## What you have to do
Everything in the listing below must be set down again exactly, apart from the pictures.

## Source material

╭──

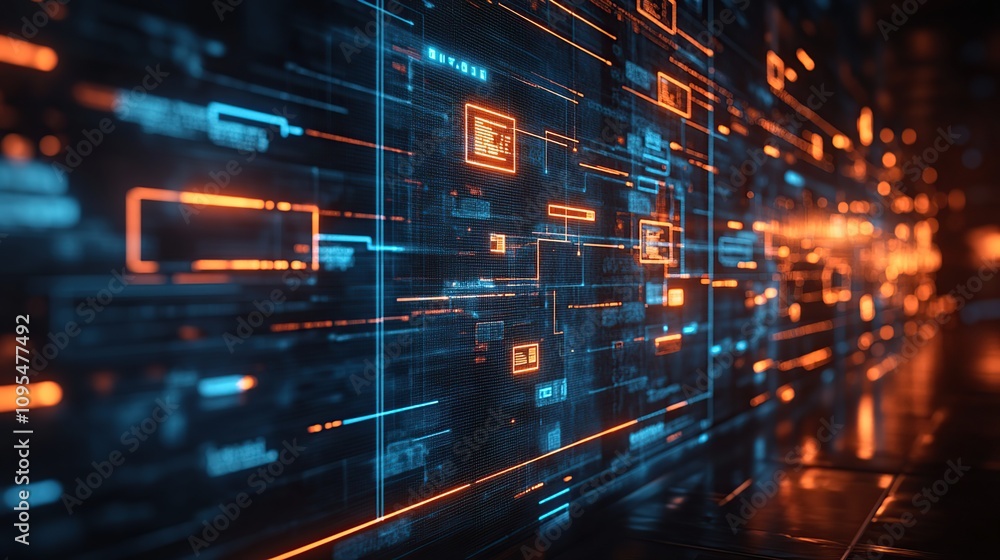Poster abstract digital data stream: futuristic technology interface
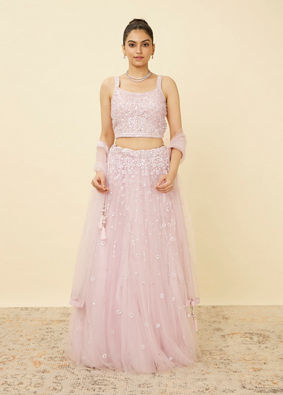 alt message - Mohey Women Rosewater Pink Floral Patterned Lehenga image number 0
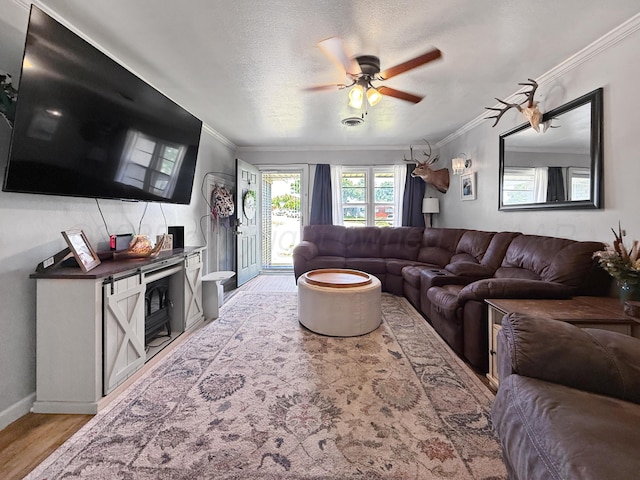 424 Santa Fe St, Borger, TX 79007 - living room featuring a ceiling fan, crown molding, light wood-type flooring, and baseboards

╰──

## Problem solution
Poster abstract digital data stream: futuristic technology interface
 alt message - Mohey Women Rosewater Pink Floral Patterned Lehenga image number 0
 424 Santa Fe St, Borger, TX 79007 - living room featuring a ceiling fan, crown molding, light wood-type flooring, and baseboards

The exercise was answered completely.